How a trip to Hong Kong taught British-Chinese chef Andrew Wong that not all Chinese food was the same
- Wong grew up eating the Chinese food served at his parents’ restaurant in London
- Extensive travels across China, starting with a trip to Hong Kong, inspired him to open his own restaurant
Although Andrew Wong grew up eating a form of Chinese food – the type served at his parents’ restaurant in London (where lemon chicken was flavoured with orange cordial), it took a visit to Hong Kong before he realised that not all Chinese food is the same.
In the introduction to A. Wong: The Cookbook (2015), the British-Chinese chef and restaurateur writes, “The opening of the restaurant [A. Wong] in London was a project that took more than 10 years […] It all started during a trip to Hong Kong at a time when I had just started cooking professionally.
“Sitting in a busy restaurant one lunchtime, I was wondering why I could not spot any neon-orange sweet and sour dishes flying past, or any plates of chicken in black bean sauce on sizzling hot plates choking all the surrounding guests as the waiter whizzed through the restaurant. Instead I was being served stir-fried celery with lily bulbs and goji berries, and poached pork ears with chile oil.
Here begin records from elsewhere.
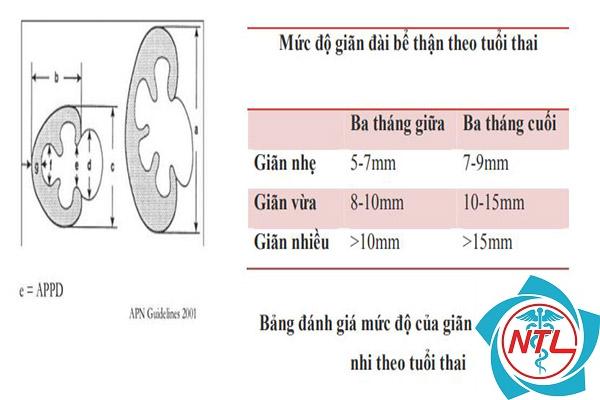 giãn bể thận - Image 3
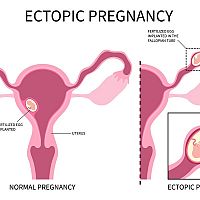 Ectopic pregnancy causes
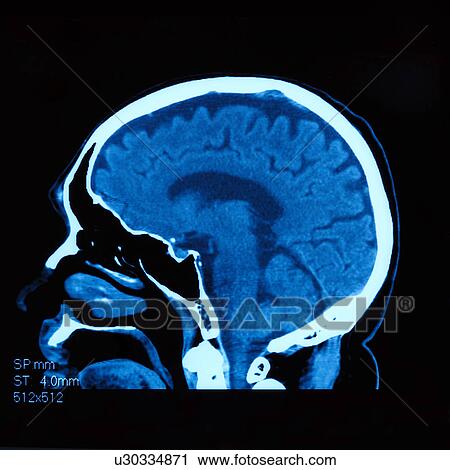 Stock Image - "Medical scan of human head, close-up". Fotosearch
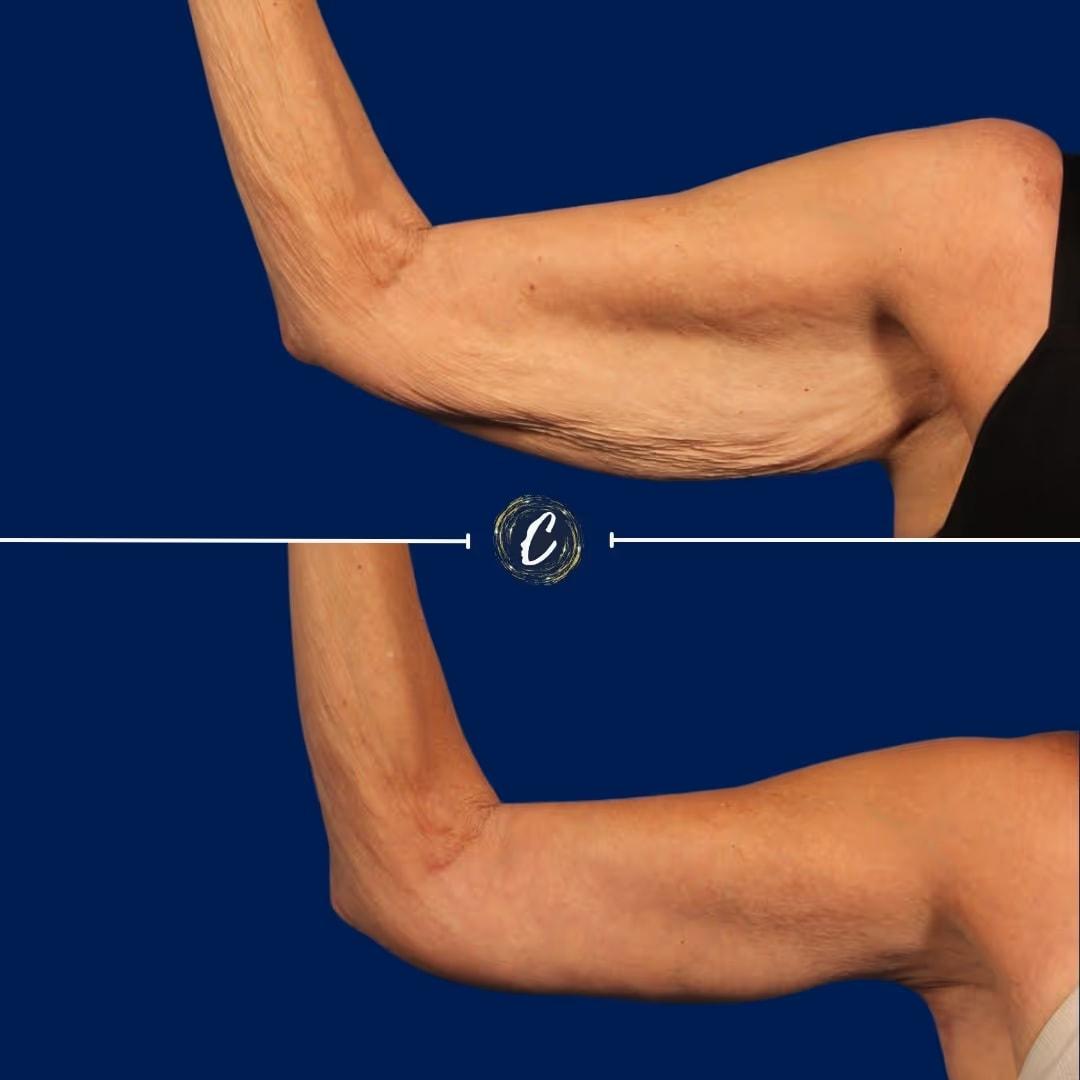 Capraro Plastic Surgery arm lift result — Denver, CO
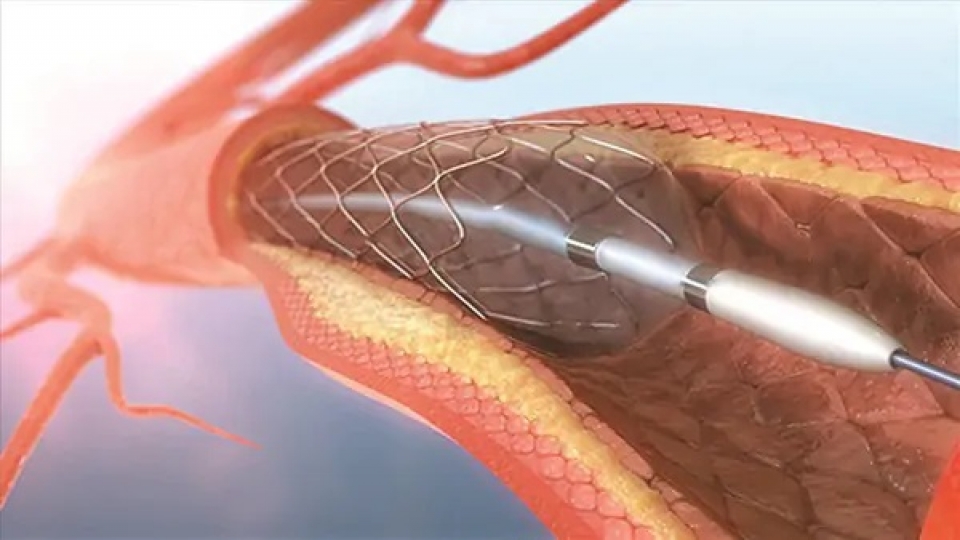 Kiêng cữ sinh hoạt vợ chồng thế nào sau khi đặt stent?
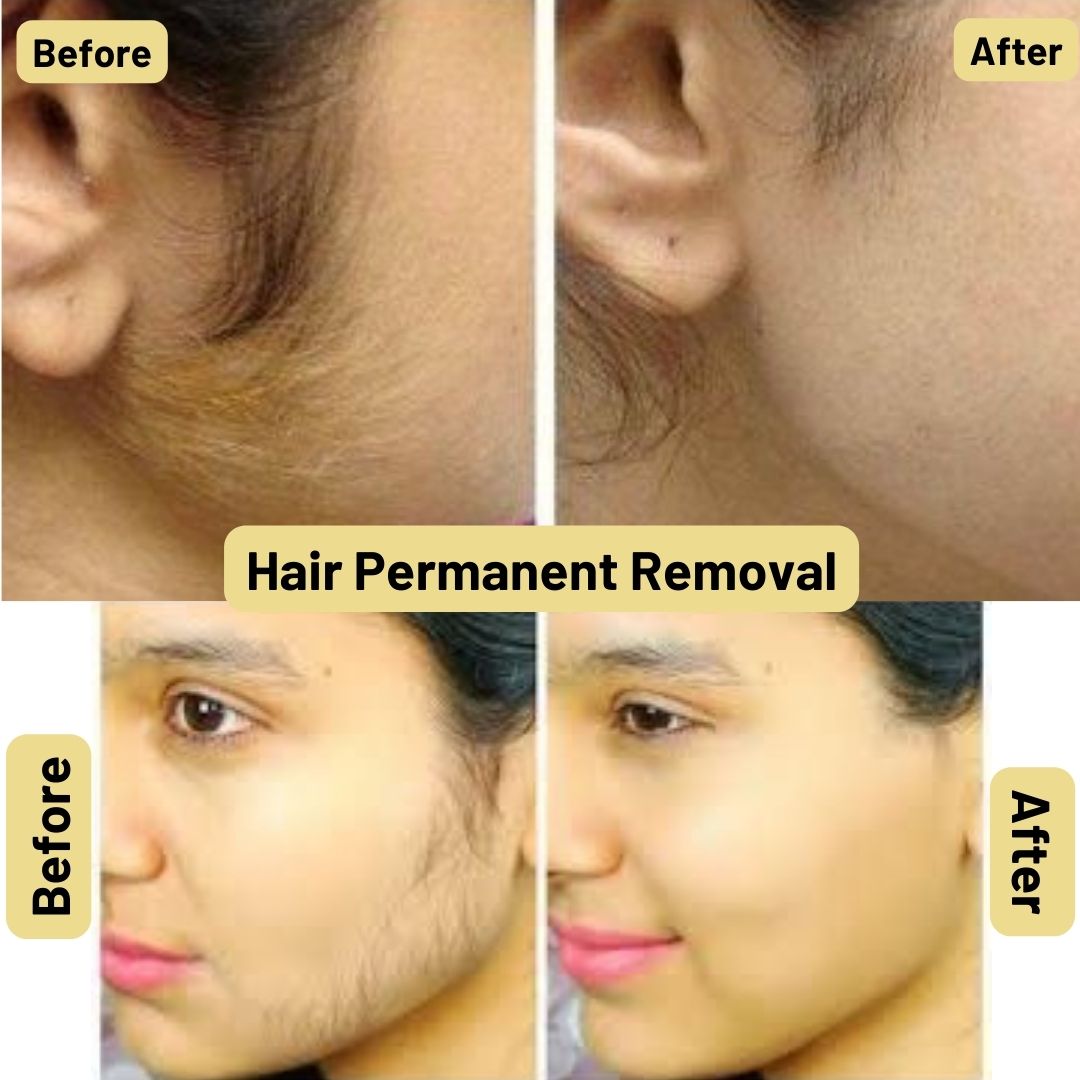 Treatment For Bad Nails In Adampur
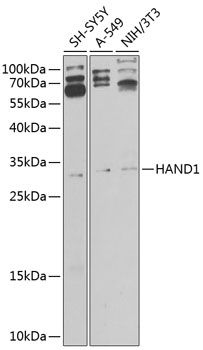HAND1 antibody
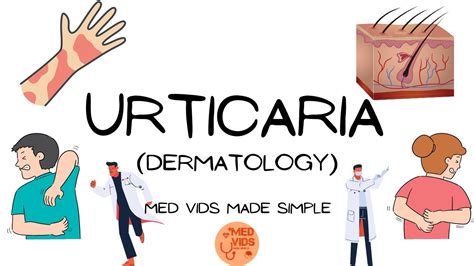 Urticaria Dermatology Pathophysiologyclinical Featuresdiagnosis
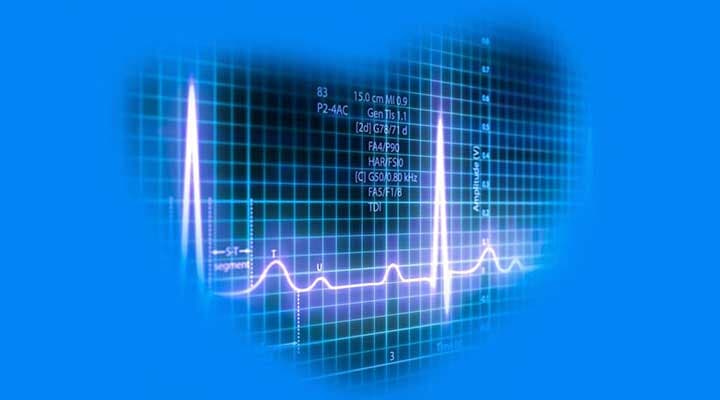 DR. JOSÉ R. AMAVIZCA MARTÍNEZ CLÍNICA CARDIOVASCULAR -   Chequeo completo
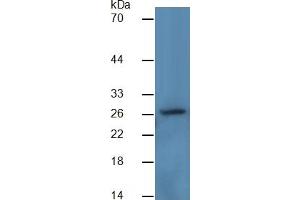 Image no. 2 for Carbonic Anhydrase II (CA2) ELISA Kit (ABIN6574206)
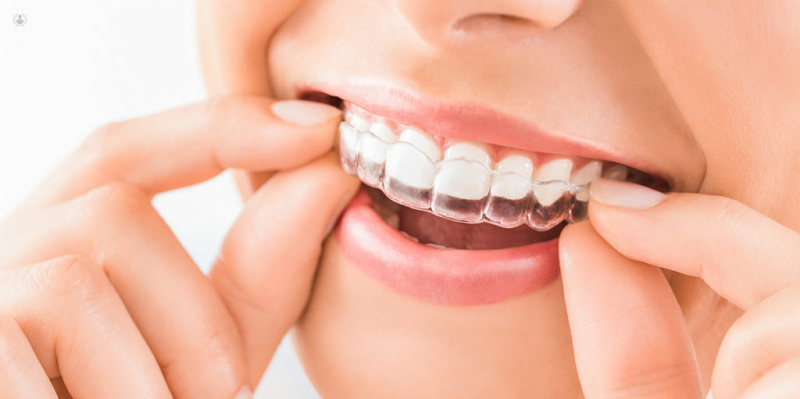 C Mo Es La T Cnica Del Invisalign Top Doctors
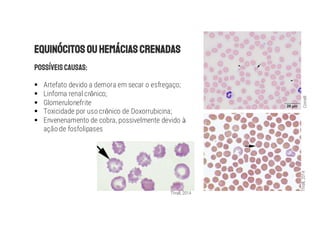 § Artefato devido a demora em secar o esfregaço;
§ Linfoma renal cr nico;
§ Glomerulonefrite
§ Toxicidade por uso cr nico de Doxorrubicina;
§ Envenenamento de cobra, possivelmente devido
ação de fosfolipases
Thrall, 2014
Thrall,
2014
Cornell
 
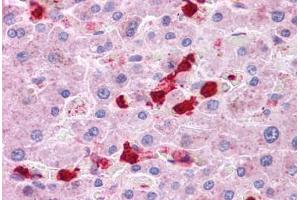 Immunohistochemistry (Formalin-fixed Paraffin-embedded Sections) (IHC (fp)) image for anti-Leucine Rich Repeat Containing 8 Family, Member B (LRRC8B) (AA 542-591) antibody (ABIN6745738)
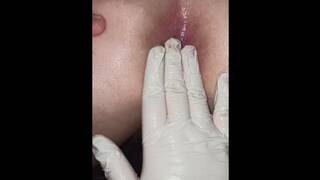 Mistress is Stretching his Ass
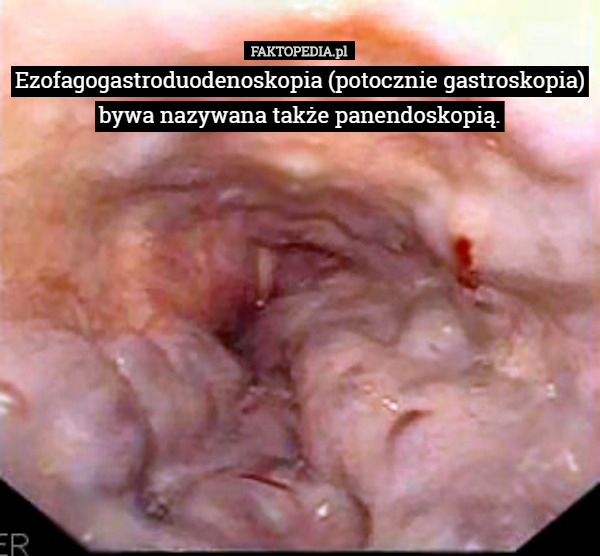 Ezofagogastroduodenoskopia (potocznie gastroskopia) bywa nazywana także panendoskopią. 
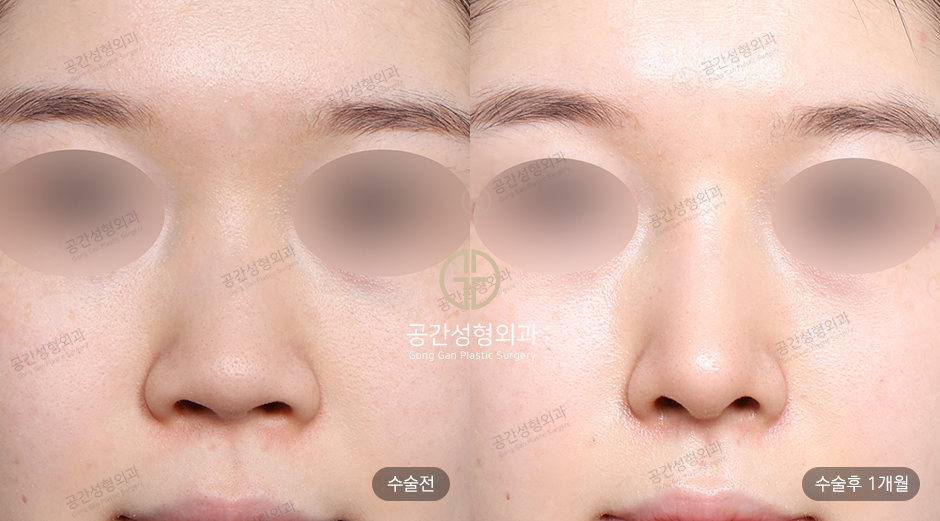 케이스코 이미지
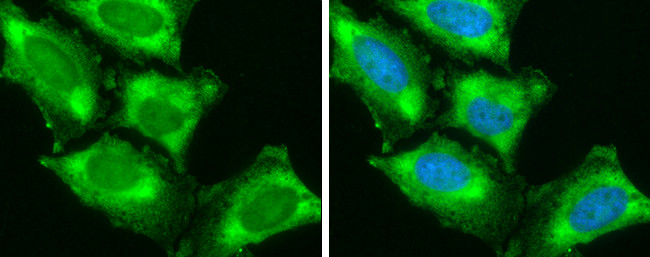 SH3GL1 Antibody in Immunocytochemistry (ICC/IF)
But it was all so damned delicious! Why were none of these dishes available in London?
“I could slowly feel the floodgates in my mind opening once I had comprehended that not all Chinese food revolved around ginger root, scallions, and gloopy sauces, and the deeper I dug, the greater the realisation of my ignorance about Chinese cuisine. During the subsequent years, I travelled with my scrapbooks around the various provinces of China eating and learning, followed by more eating.
“My scrapbooks are now bursting at the edges […] but it was the purity of the cooking and the nonchalant way in which the people created these dishes that stay with me to this day. We chefs spend our days treating food as if it belongs under a microscope, pleating dumplings as if it is an art only for rock stars, when the reality of the situation is that throughout China dumplings are usually pleated by 80-year-old grandmothers squatting on street corners while they simultaneously smoke and watch television.